L’espoir né en avril 1525 retombe rapidement, alors que la révolte des paysans, venue d’Allemagne, s’était propagée en Alsace et dans le duché de Lorraine (1). La peur sociale des maîtres du sol les conduit à réagir brutalement en faisant appel à la force militaire la plus puissante des environs, celle du duc Antoine de Lorraine. Il s’agit de mettre fin à l’expérience de cette « république paysanne » et aux premières négociations ouvertes. Le duc Antoine de Lorraine, auquel se rallient la plupart des seigneurs de Basse Alsace, décide une expédition pour réduire les insurgés à l’obéissance, dès le 4 mai. L’atmosphère de croisade contre les « Luthériens » galvanise les Lorrains.

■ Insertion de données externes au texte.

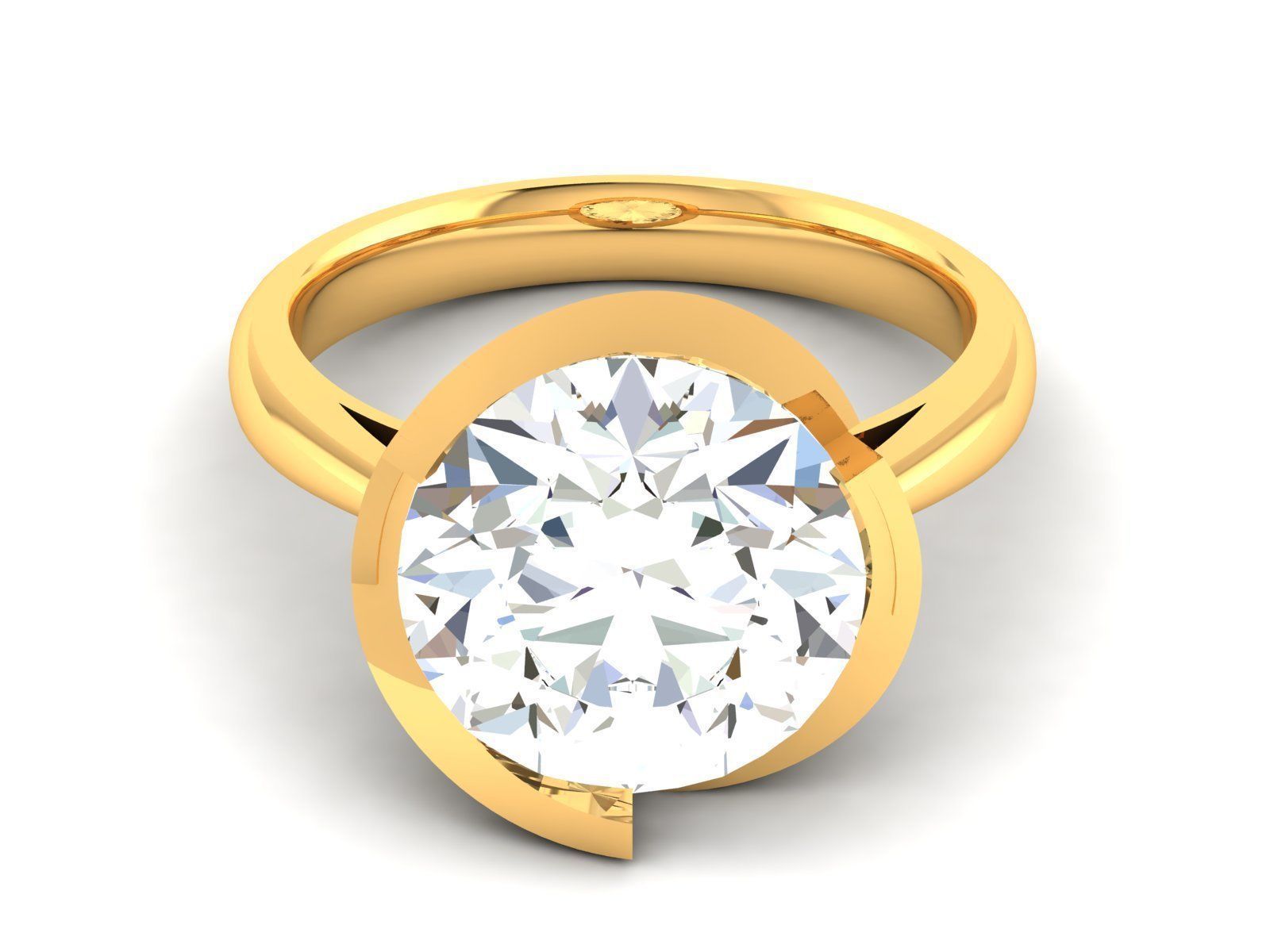 Women solitaire ring 3dm stl render detail 3D print model 3D print model_1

Des mercenaires écrasent militairement les bandes paysannes

Le 14 mai, le duc opère un mouvement avec une armée de mercenaires de 10 400 hommes qui écrase militairement les bandes paysannes : à Lupstein le 16 mai, à Saverne le 17 mai, puis à Scherwiller le 20 mai. La dernière troupe est anéantie en novembre près de Belfort. La répression est terrible.

À Lupstein, 3 000 à 4 000 paysans insurgés, les « Rustauds », sont massacrés ou brûlés vifs dans l’église. Jetés dans une fosse commune, puis déposés dans un ossuaire, leurs restes ont longtemps été accompagnés d’un écriteau : « Hütet euch vor dem Lotringer » (« Méfiez-vous du duc de Lorraine »).

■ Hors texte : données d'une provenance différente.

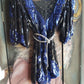 Wild Vintage 100% Crystallized Silk & Sequin -  Asymmetrical Black & Blue - Statement Evening Top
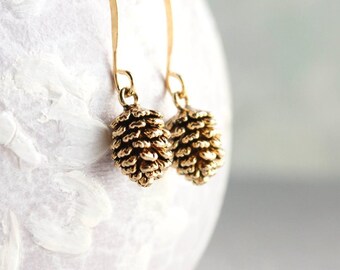 Rustic Gold Pinecone Earrings, Pine Cone earrings, Nature Jewellery, Woodland Wedding, Gift for Women, Small Drop Earring, Nickel Free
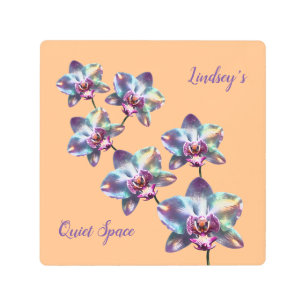 Iridescent Holographic Orchid Blooms Metal Print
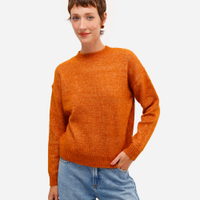 Suéter feminino de tricot texturizado laranja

On estime le nombre des morts autour de 20 000 en Basse Alsace, localement jusqu’à 10 % de la population. Cependant, sur la rive gauche du Rhin, le mouvement ne s’était pas cantonné aux campagnes alsaciennes ou lorraines. En Franche-Comté, une partie du bailliage d’Amont est ravagée en mai 1525. Les campagnes sont pillées autour de Lure, Villersexel, Vesoul, Faucogney. Il faut attendre juillet, à la bataille de Villersexel, pour que la progression des paysans luthériens soit arrêtée.

Le retour à l’ordre est brutal

Dans un climat de répression sanglante, le retour à l’ordre est brutal. Pour une partie de la bourgeoisie alsacienne, le « bon duc Antoine » est perçu comme un libérateur. Martin Luther (1483-1546) lui-même condamne la guerre des paysans : même s’il pense leur cause juste, le réformateur ne soutient pas la violence et estime qu’elle a dépassé ses propos. Il légitime la mise au pas effectuée par la noblesse. En dehors de la répression, le retour à l’ordre s’effectue par la rémission et la renonciation à toute vengeance des paysans repentis.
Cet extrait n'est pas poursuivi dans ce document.